San Antonio’s annual MLK march brings thousands into the streets.
By James Dusek
Monday morning, Larry Campbell stood in front of his childhood home on Martin Luther King Drive. On the street in front of him, about 250,000 people marched carrying banners, chanting through megaphones and waving flags.
Campbell has had a front-row seat to the nation’s largest Martin Luther King Jr. Day march every year since the city-sponsored event began in 1987. Over those 30 years, he has developed relationships with many of the regular marchers; every couple minutes, someone stopped marching to say hello to him and his family, who sat in plastic chairs behind him.
The march, which honors the life and work of Martin Luther King Jr., is organized every year by the city of San Antonio, but began more than a dozen years earlier as a grassroots effort. The nearly 3-mile stretch from MLK Freedom Bridge to Pittman-Sullivan Park was lined with spectators in lawn chairs, drummers and activists handing out fliers.
The march is an important reminder to young people of the work and passion that went into civil rights, Campbell said.
“That’s what’s so great about it, really,” he said. “You know, to get the young people involved in this here, remember where their roots come from and everything. That’s one of the best things you can do around here.”
Ayasha Mays, human resource management junior at University of Texas at San Antonio, said she marched because she shared a similar sentiment.
“I’m a firm believer of, like, you have to know where you came from to see where you’re going, basically,” she said. “We’re always focused on the future, how things are going to be, where are we going to be, but it’s important to see, like, all the other sacrifices everyone made for us.”
Mays marched with her friends and classmates from UTSA. It was the first march many of them, including Mays, had attended.
Faye Davis, who watched the march from the sidewalk as she waited for her church group to arrive, has also participated in all of the city’s marches. She was in her early 20s during the civil rights movement, and recounted her awe when it began to grow.
“It was like … ‘Is this really happening? Has God created this earth for us all?’” she said.
Davis said that inequality is not solved in America, but she is optimistic about the future.
“I serve an awesome god,” she said. “… I serve one that he can stop anything that needs to be stopped. … so I don’t worry about this that’s going on. I don’t even worry about Trump. I put it in God’s hand and I move on.”

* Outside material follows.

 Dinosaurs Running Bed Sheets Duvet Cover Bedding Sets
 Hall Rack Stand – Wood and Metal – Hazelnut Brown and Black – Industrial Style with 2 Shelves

UTSA Kinesiology Sophomore Moe Adams said he is also optimistic, and that he feels events like the march help develop more understanding.
“ … It’s kind of easy to see people as the other side or a side that I don’t understand or whatever,” he said. “But when people come out together for one thing, it kind of breaks those invisible lines that are sometimes just created just because people don’t know.”
Adams said people are becoming less interested in people’s skin color and more interested in character each generation.
“Just me and you talking now is just a testament to that,” he said to this reporter. “I feel really good about the generation coming up.”
Mays said she is not only optimistic, but that optimism is crucial to achieving equality.
“I think we have to be (optimistic), really,” she said. “Because otherwise everything that’s been done would have just, like, went to waste, you know? So it’s just, like, looking at what’s been done and knowing that there’s always changes to be made. There’s always progress that can be made.”
Through their chants and music, the marchers flooding the streets exuded optimism. Young and old attendees looked toward a bright, peaceful future.
“It’s just about realizing that we share a home, right?” Adams said. “So, serenity and peace is far better than violence and discrimination.”